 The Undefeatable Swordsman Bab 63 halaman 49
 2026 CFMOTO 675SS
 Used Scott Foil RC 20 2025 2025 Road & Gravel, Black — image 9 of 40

☆ ☆ ☆ ☆ ☆

§ **The problem**
Including any blank lines, repeat the data exactly.

§ **Solution to the exercise**
 The Undefeatable Swordsman Bab 63 halaman 49
 2026 CFMOTO 675SS
 Used Scott Foil RC 20 2025 2025 Road & Gravel, Black — image 9 of 40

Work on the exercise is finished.